Am I crazy for thinking nursing and NP school, much like med school/physical therapy school, should include these as courses required in the curriculum? A year of physics, biology, chemistry and organic chemistry I feel would not only give greater knowledge to our graduates and a deeper understanding of the physical world, but also give greater creedence to our profession, ie: we have the science AND the heart! I am finding what I am learning to be SO much more applicable to my learning than theory, research, communication, and policy ever were, and that's comparing classes I've had for a whole semester versus ones I've been in for only 2 weeks so far. I can only imagine how useful biophysics will be when I get to it.

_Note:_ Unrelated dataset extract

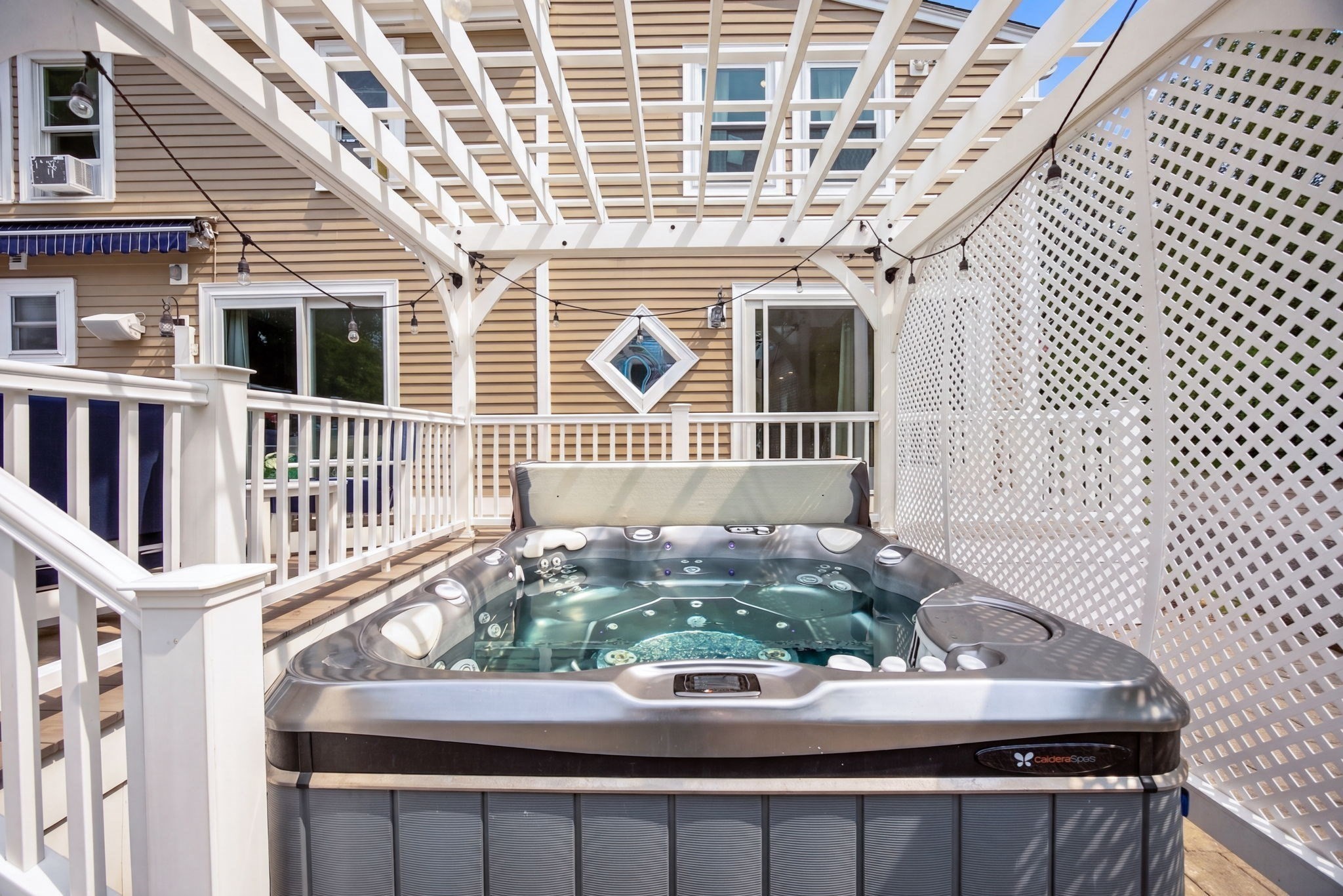 Outdoor hot tub beneath a white pergola on a deck with lattice privacy screening.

I subscribe to the "don't be a douchebag to your patients and listen to what they're saying" philosophy and did so LONG before nursing school so maybe that's why I find most of the current curriculum useless. lol

I agree,

The model for PA's is based on medicine, while the role of an NP's is based on the nursing model. PA's are only allowed to work under a licensed Doc, whereas NP's are allowed, in some states, to open their own practice. The anonymity of an NP is much greater than a PA in many states...perhaps because it is recognized that an NP will consider the whole patient, whereas PA's are trained to diagnose and prescribe.

Good point.

Specializes in Family Practice, Primary Care.
Well, I know a lot of people who have taken a lot of science class and are horrible scientists too ;) And ultimately, I agree with you. If/when I have to take "don't be a douchebag to your patients and listen to what they're saying" classes, I'm sure I'll feel the same as you.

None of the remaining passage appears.